AI Underwriting & Credit Risk Glossary

Plain-English definitions of the terms behind modern credit decisioning — written to be quoted, cited and understood.

Adverse action
A denial or unfavorable change in credit terms. Lenders must give applicants the specific reasons, which automated systems generate directly from model feature attributions.
Alternative data
Non-bureau signals — bank-transaction, rent and utility payment records — used to assess borrowers with thin or no traditional credit files.
AUC
Area Under the ROC Curve. A 0.5-to-1.0 measure of how well a model separates good loans from bad; 0.5 is random, 1.0 is perfect.
Automated underwriting
Software that evaluates a loan application and returns an approve, decline or refer decision without a human reviewing each file.
Credit risk model
A statistical or machine-learning model that estimates the probability a borrower will default on a loan.
Disparate impact
A facially neutral policy that nonetheless produces worse outcomes for a protected group; detected by comparing outcomes across demographics.
Explainable AI (XAI)
Methods that make model predictions interpretable, reporting which variables drove each decision and by how much.
Fair lending
Laws (FCRA, ECOA) prohibiting credit decisions based on protected characteristics such as race, gender or national origin — directly or by proxy.
Gradient boosting
An ensemble method that builds many decision trees sequentially, each correcting the last. The workhorse of modern credit modeling.
Idempotent decision
A property of deterministic models: the same application always returns the same score, which matters for auditability and appeals.
Loan tape
A lender's historical dataset of loans and their outcomes, used to train and validate a custom underwriting model.
Logistic regression
The linear statistical method behind traditional scorecards.

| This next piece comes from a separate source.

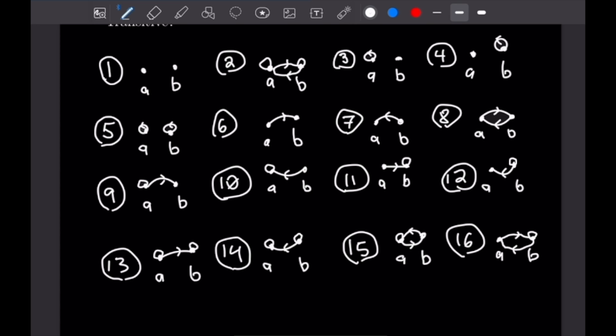That finishes our 16 possible relations on the set {A, B}, and that finishes our last problem for this example video. Sorry this was a quick one, but we are just getting into relations here and we want to make sure they are well understood before we get into more complicated stuff. And I think that's a good place to stop.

Interpretable, but limited to relationships humans specify in advance.
Nonlinear model
A model that captures threshold effects and variable interactions a straight-line method cannot — the core advantage of ML underwriting.
Probability of default (PD)
The estimated likelihood, from 0 to 1, that a given loan will default within a defined window.
SHAP
SHapley Additive exPlanations. A technique that decomposes a prediction into additive per-variable contributions for explainability.
Thin file
A borrower with little or no credit-bureau history — hard for scorecards, tractable for models using alternative data.